Itch substrates include, among others, transcription factors (p63, p73, c-Jun, and JunB) (28, 30, 31), cytosolic kinases (phospholipase Cγ1 and protein kinase Cθ) (32), and transmembrane receptors (Notch1, ErbB4, and CXCR4) (33–35), suggesting that Itch participates in diverse biological functions, but its precise role in stress signaling has not been fully defined. The findings presented here add an important piece to the puzzle, given that MKK4 is an upstream activator of two other Itch substrates, c-Jun and JunB (28), which, like Itch (28, 29), are JNK substrates (Fig. 4H). Thus, Itch substrates cluster around MAPKs and their transcriptional mediators. Given that Itch undergoes substrate recruitment and catalytic activation following phosphorylation by JNK (28, 29), these findings suggest that Itch is part of a negative feedback loop that inhibits MAPK signaling at multiple levels of the cascade.
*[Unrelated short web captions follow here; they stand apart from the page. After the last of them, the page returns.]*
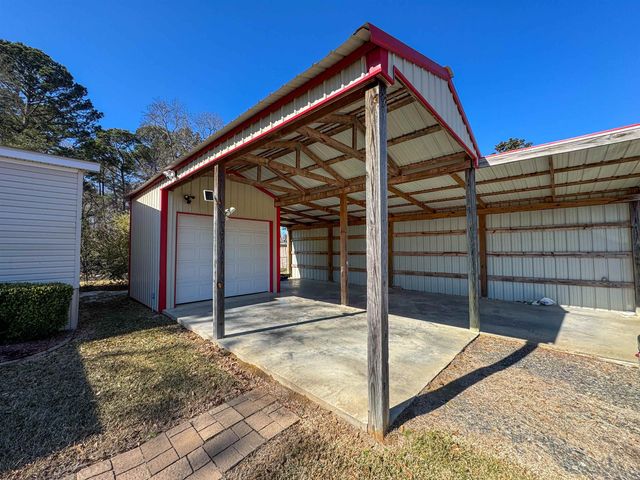 605 Noble, Waskom, TX 75692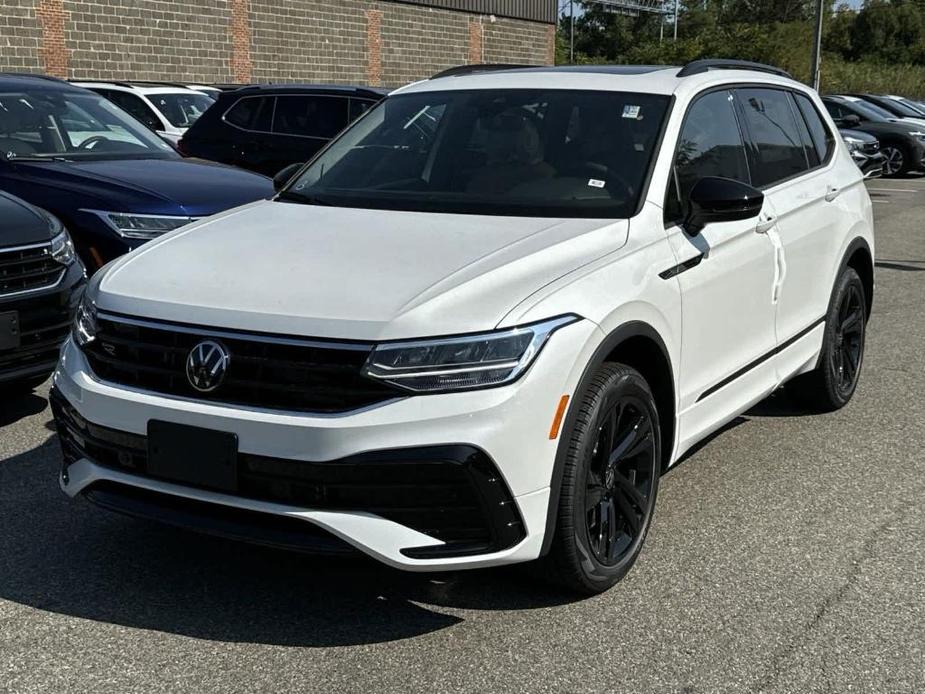 new 2024 Volkswagen Tiguan car, priced at $35,506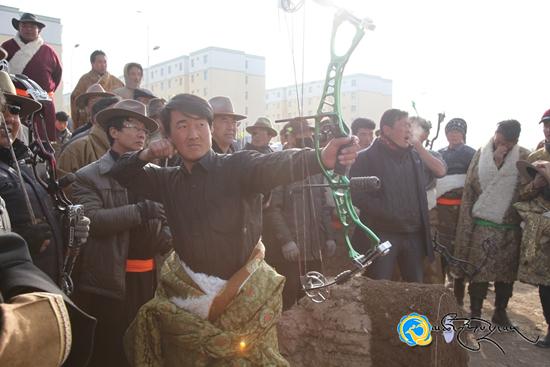མཚོ་ལྷོ་ཁུལ་དུ་བོད་ཀྱི་སྲོལ་རྒྱུན་མདའ་འཕེན་འགྲན་སྡུར་བསྡུས་པ།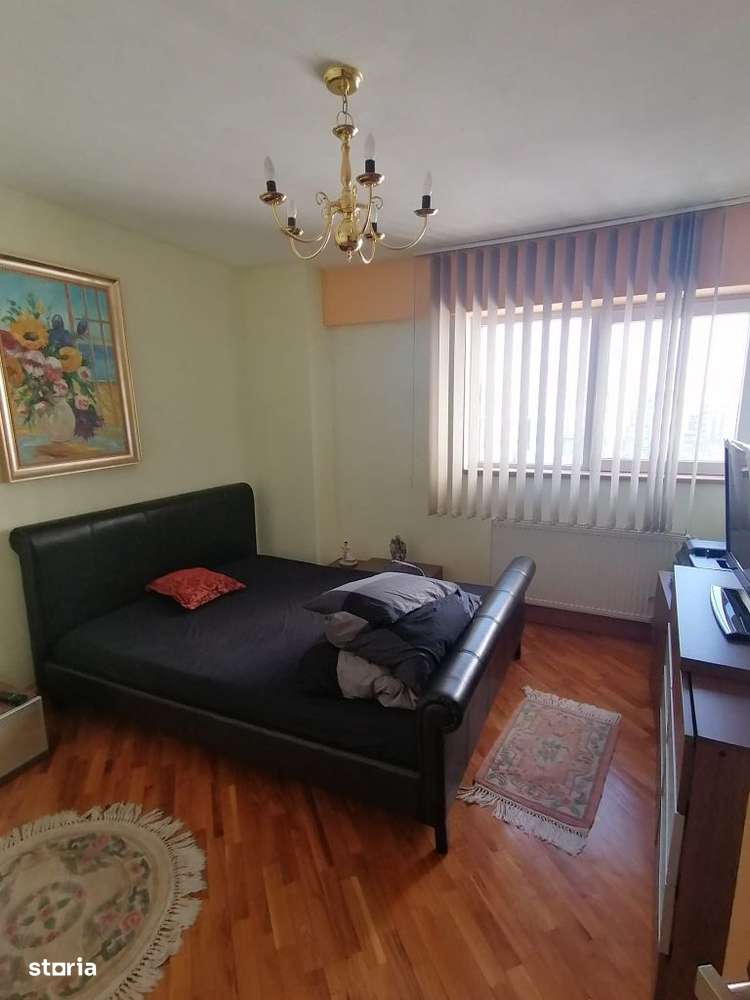 Apartament 3 camere de inchiriat - Imagine principală: 5/11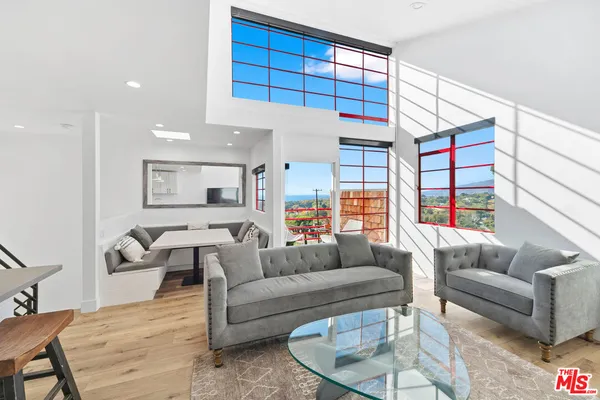 $6,900 | 29235 Heathercliff Road, Unit 6, Malibu, CA 90265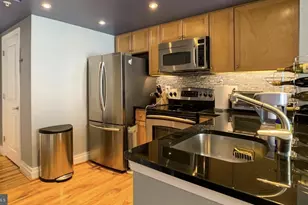 1225 13th St NW, Washington, DC 20005 - Photo 2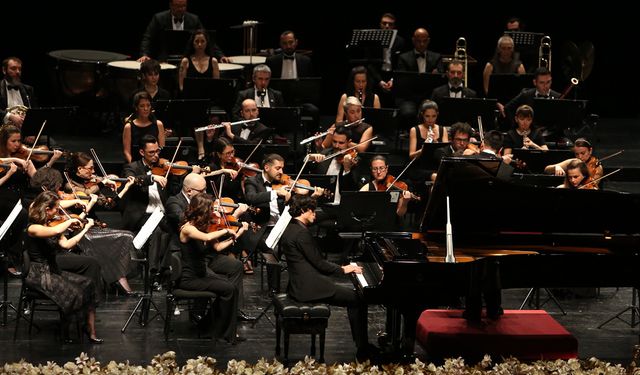 Senfoni Orkestrası’ndan etkileyici konser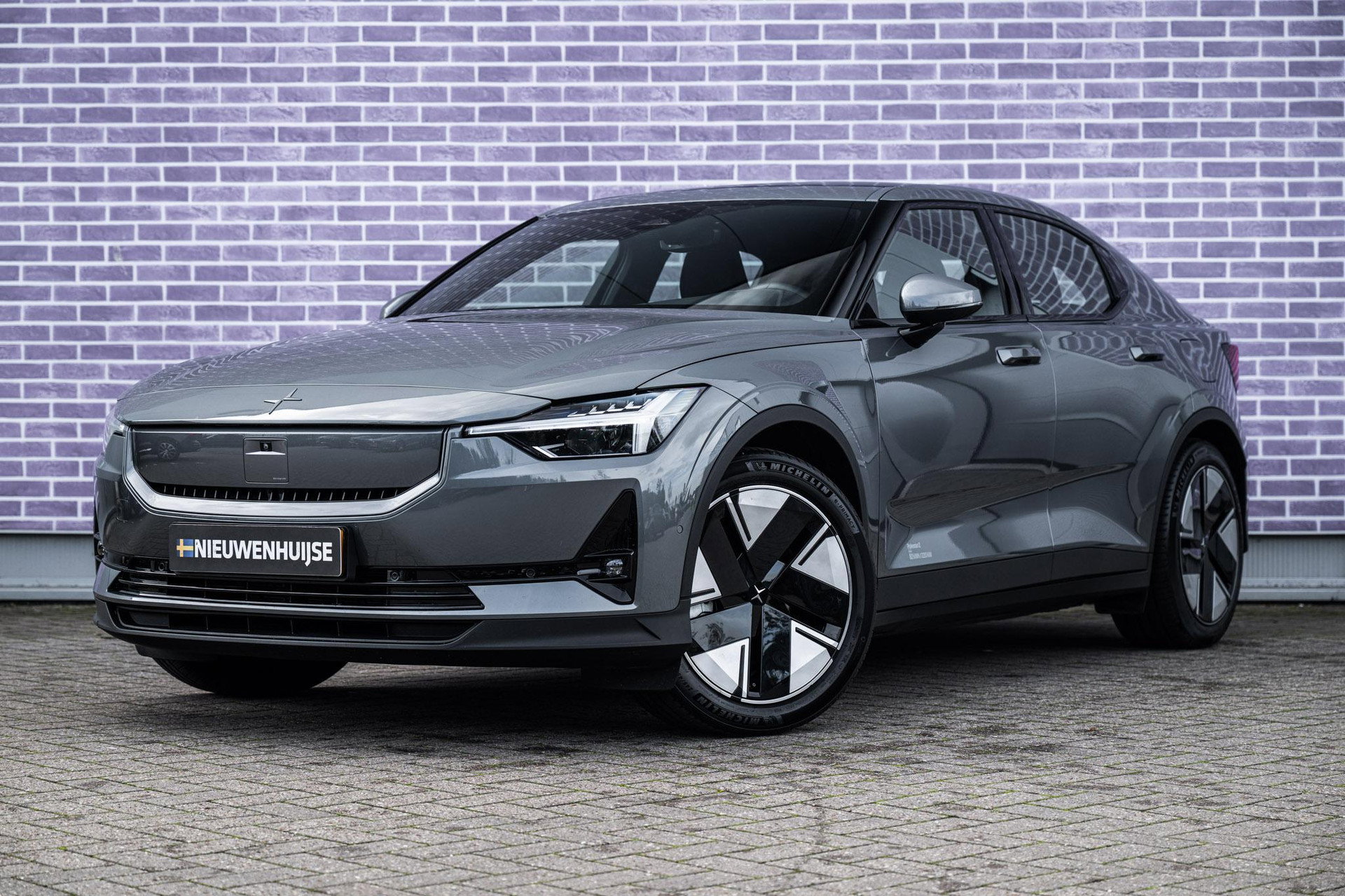 Foto van Polestar 2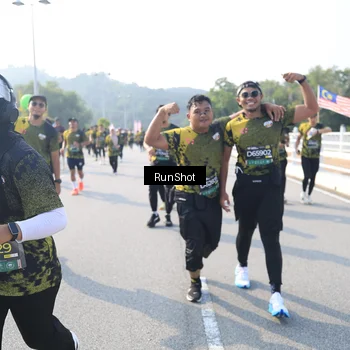 Runner Photo 6922990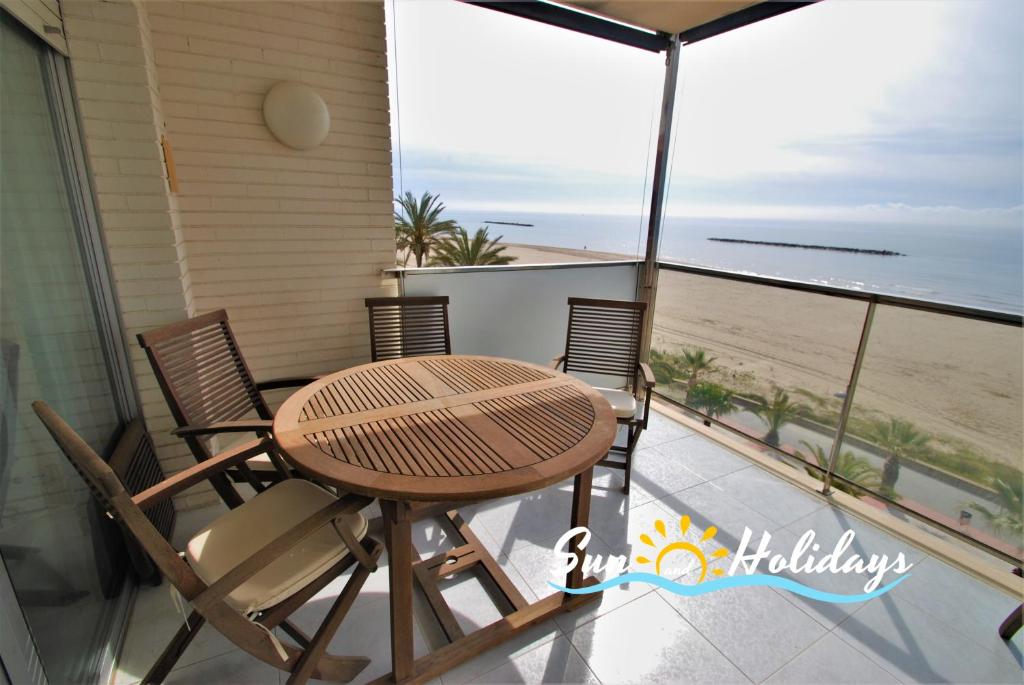 Apartamento Cubelles photo 4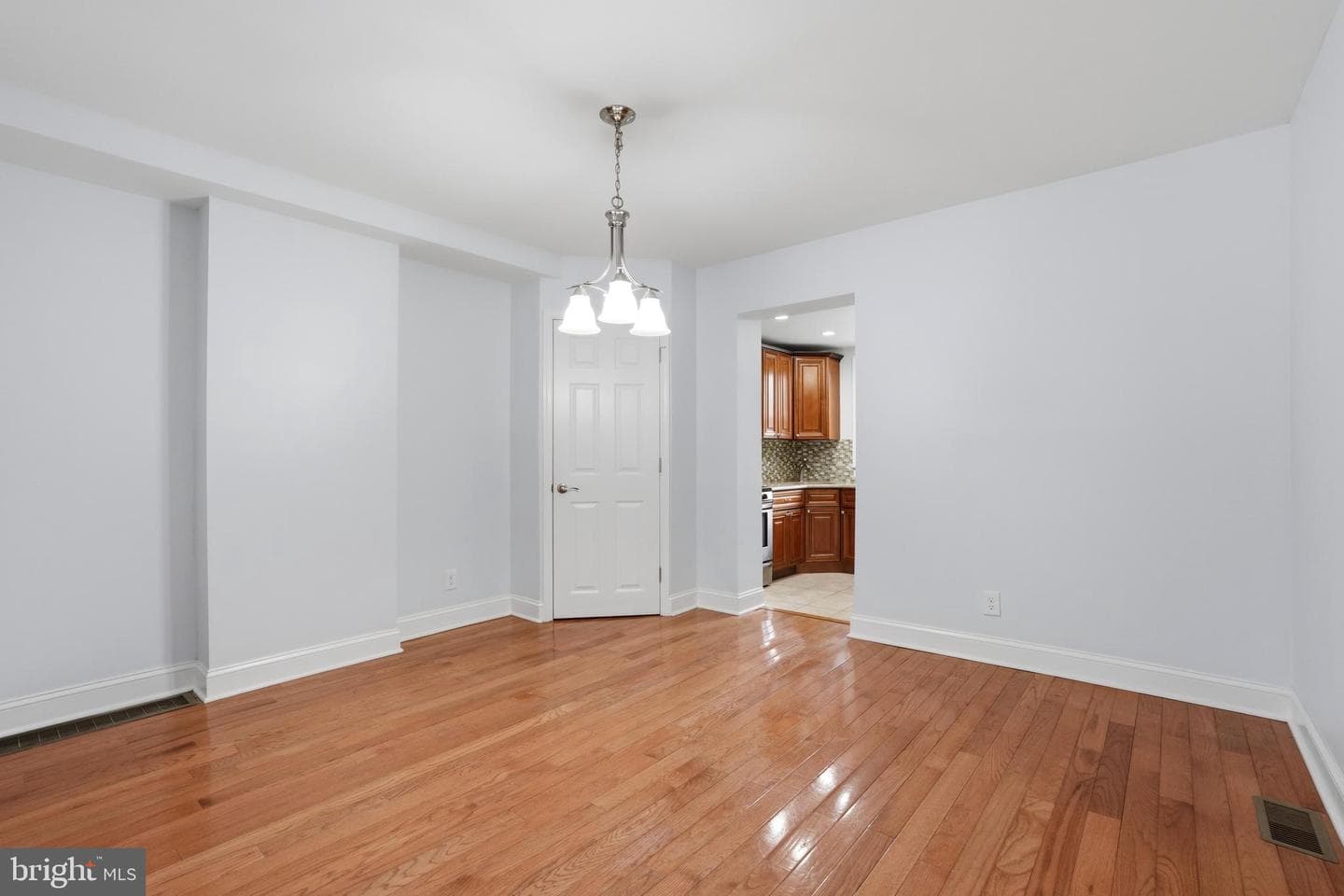 2051 E Fletcher Street photo 7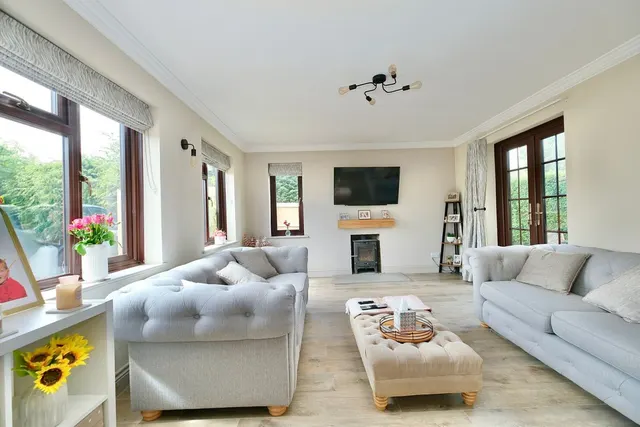 Warboys Road, Pidley, PE28, photo 2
Equally intriguing is our recent finding that most of the tumor-associated somatic mutations in MAP2K4 are loss-of-function mutations, encode C-terminally truncated proteins that are highly unstable, and enhance the invasive properties of tumor cells.³ In this setting, the E3 ligases that degrade MKK4 (such as Itch) may play an important role in tumorigenesis, a point made more compelling by evidence that other Itch substrates, such as p63 and p73 (30, 31), have tumor suppressor properties. Taken together, these data support the hypothesis that Itch plays an important physiologic role as a negative regulator of stress signaling through its effects on multiple substrates, and further studies are warranted to determine whether Itch is oncogenic in permissive cellular and genetic contexts.